*WHAT TO DO*. Reproduce the listing below precisely, leaving every line intact.

*DATA SEGMENT*.
--
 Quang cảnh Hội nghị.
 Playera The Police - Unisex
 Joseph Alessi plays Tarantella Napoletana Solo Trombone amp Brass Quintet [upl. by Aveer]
--
*FINISHED EXERCISE*.
 Quang cảnh Hội nghị.
 Playera The Police - Unisex
 Joseph Alessi plays Tarantella Napoletana Solo Trombone amp Brass Quintet [upl. by Aveer]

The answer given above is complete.